Yes, the total electric field has contribution due to the charged particle, in the sense that at all points where total field is defined, its value is different than it would be if the particle wasn't there.
However, modifying the standard equation
$$
\mathbf F_{electric~on~particle~a} = q_a\mathbf E_{ext}(\mathbf r_a)
$$
which is the basis for experimental definition of external electric field at any given point, into
$$
\mathbf F_{electric~on~particle~a} = q_a\mathbf E_{total}(\mathbf r_a)
$$
is not warranted.
Why? In case the particle is a point, its field diverges when approaching that point and has no meaningful value at that point - so total field is not defined at that point either. So the second equation would be meaningless.
In case the particle is a ball or sphere or other extended body with finite charge density, total field is defined everywhere, but its has different directions at different parts of the particle. So the equation doesn't really look like the second one above, but more like
$$
\mathbf F_{electric~on~particle~a} = \int \rho_a(\mathbf r_a + \mathbf x') \mathbf E_{total}(\mathbf r_a+\mathbf x')\,d^3\mathbf x'
$$
where the integration goes over region containing the whole particle. We can integrate all those little parts and get net electromagnetic self-force as a function of internal structure of the particle, its position and all position derivatives, but only approximately.

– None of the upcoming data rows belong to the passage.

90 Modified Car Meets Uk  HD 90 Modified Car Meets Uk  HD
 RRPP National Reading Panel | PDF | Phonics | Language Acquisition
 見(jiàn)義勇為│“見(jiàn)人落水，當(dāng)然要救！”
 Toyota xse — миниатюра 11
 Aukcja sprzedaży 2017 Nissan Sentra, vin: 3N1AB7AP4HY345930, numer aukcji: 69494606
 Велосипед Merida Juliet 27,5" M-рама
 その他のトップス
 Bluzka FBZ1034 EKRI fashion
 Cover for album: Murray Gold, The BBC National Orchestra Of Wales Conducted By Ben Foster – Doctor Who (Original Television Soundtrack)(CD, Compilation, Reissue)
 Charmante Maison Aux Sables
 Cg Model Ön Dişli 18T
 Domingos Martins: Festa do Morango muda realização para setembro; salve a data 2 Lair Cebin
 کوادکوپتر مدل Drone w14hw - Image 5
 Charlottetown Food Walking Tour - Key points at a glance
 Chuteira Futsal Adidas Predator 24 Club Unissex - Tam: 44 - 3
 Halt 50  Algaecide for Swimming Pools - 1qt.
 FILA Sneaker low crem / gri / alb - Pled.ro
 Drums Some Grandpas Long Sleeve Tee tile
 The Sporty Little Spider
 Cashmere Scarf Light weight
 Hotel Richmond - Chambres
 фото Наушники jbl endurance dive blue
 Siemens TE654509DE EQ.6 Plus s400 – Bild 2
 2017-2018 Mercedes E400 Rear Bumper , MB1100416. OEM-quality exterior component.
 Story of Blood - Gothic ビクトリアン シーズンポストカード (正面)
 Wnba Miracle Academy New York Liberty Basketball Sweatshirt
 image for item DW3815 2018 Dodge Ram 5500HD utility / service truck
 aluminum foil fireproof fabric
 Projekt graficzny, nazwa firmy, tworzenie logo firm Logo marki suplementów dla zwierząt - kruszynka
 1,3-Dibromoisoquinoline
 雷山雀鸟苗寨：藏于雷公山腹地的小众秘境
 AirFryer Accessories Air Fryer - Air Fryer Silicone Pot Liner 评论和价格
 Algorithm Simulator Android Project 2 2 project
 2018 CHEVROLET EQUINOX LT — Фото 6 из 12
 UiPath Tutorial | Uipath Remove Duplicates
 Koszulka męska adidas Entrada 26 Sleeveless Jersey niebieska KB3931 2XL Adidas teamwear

This was done by Abraham and Lorentz at the beginning of 20th century. The resulting self-force dependence on position derivatives is complicated, but it has two interesting properties:
there is a component of self-force of the form $-\mu_{EM} \mathbf a$ where $\mu_{EM}$ is some positive constant factor, which for single sign charge distribution depends on total charge and its distribution (size of the particle) and $\mathbf a$ is acceleration of the particle; this effectively increases inertial mass of the particle;
there is component of self-force of the form $k\dot{\mathbf a}$ where $k$ is a positive prefactor that depends only on total charge, it doesn't depend on the size of the particle.
So the equation this leads is something like
$$
\mathbf F_{electric~on~particle~a} = q_a\mathbf E_{ext}(\mathbf r_a) - \mu_{EM} \mathbf a + k \dot{\mathbf a}~+ $$
$$+~\text{other terms depending on motion of the particle}.
$$
Effects similar to those of the two additional terms are observed in reality in macroscopic coils and emitting antennas: in coils, increased effective mass of electrons due to mutual interaction between all the accelerating electrons is responsible for the effect of self-inductance; and in an emitting antenna, in addition to the first effect, the force $k\dot{\mathbf a}$ for oscillating current behaves as a friction force $-k\omega^2 \mathbf v$, so this is the force of radiation resistance, sucking energy away from the antenna.